Somit sei also Adam nicht 930, sondern nur etwa 77, Noe nicht 950, sondern
nur etwa 79, Methusalem nicht 969, sondern nur etwa 80 Jahre alt geworden.
Diese Behauptung ist falsch; die ersten Menschen zählten nach Sonnenjahren.
Denn die Hl. Schrift erzählt, dass die Arche am 27. Tage des 7. Monates
auf dem Gebirge Ararat entstanden sei, dass dann das Wasser fortwährend
abnahm und am 1. Tage des 10. Monates bereits die Gipfel der Berge sichtbar
geworden seien (1. Mos 8, 4-6). Daraus ergibt sich, dass die Jahre zur
Zeit des Noe mindestens 10 Monate und die Monate gegen 30 Tage gehabt haben.
- Wären unter Jahren nur Monate zu verstehen, so ergäbe sich
folgende Schwierigkeit: Die Hl.

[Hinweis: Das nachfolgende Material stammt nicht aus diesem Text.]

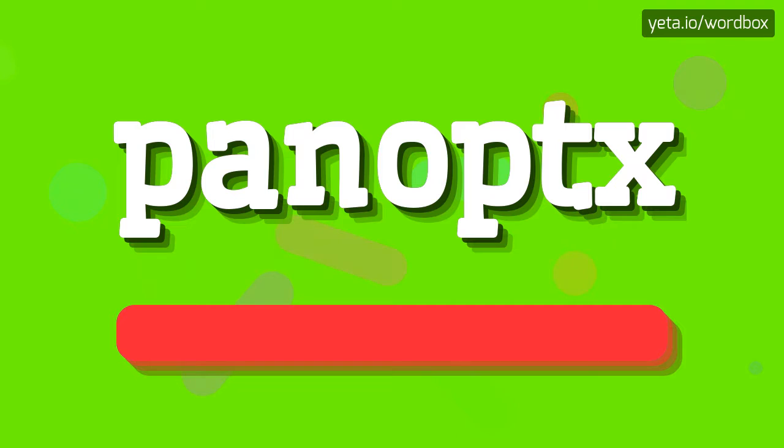Panoptx. Panoptx. And now a little bit slower. Panoptx. Panoptx.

Schrift sagt, dass Adam mit 130 Lebensjahren
Vater seines dritten Sohnes Seth geworden sei; von den Nachkommen Seths
wird berichtet, dass sie mit 65, 70, 90 usw. Lebensjahren Väter geworden
seien. Wären nun unter diesen Jahren nur Monate zu verstehen, so hätten
diese Leute schon in ihrem 5., 6., 7. Lebensjahre Nachkommen gehabt, was
geradezu lächerlich ist. - Von Bedeutung sind auch die Worte des alten
Jakob zum ägyptischen Könige Pharao, der ihn nach seinem Alter
gefragt hatte: „Die Tage meiner Wanderschaft sind 130 Jahre, wenige und
böse; sie erreichen nicht die Tage meiner Väter" (1. Mos 47,9).
Also nach Jakobs Aussage sind seine Vorfahren viel älter geworden.
Auch viele Geschichtsschreiber des Altertums, zum Beispiel Manetho, der
Verfasser der ägyptischen Geschichte (um 250 v. Chr.), und Berosus,
der Verfasser der chaldäischen Geschichte (um 300 v. Chr.), berichten,
dass die Menschen in der Urzeit gegen 1000 Jahre gelebt haben.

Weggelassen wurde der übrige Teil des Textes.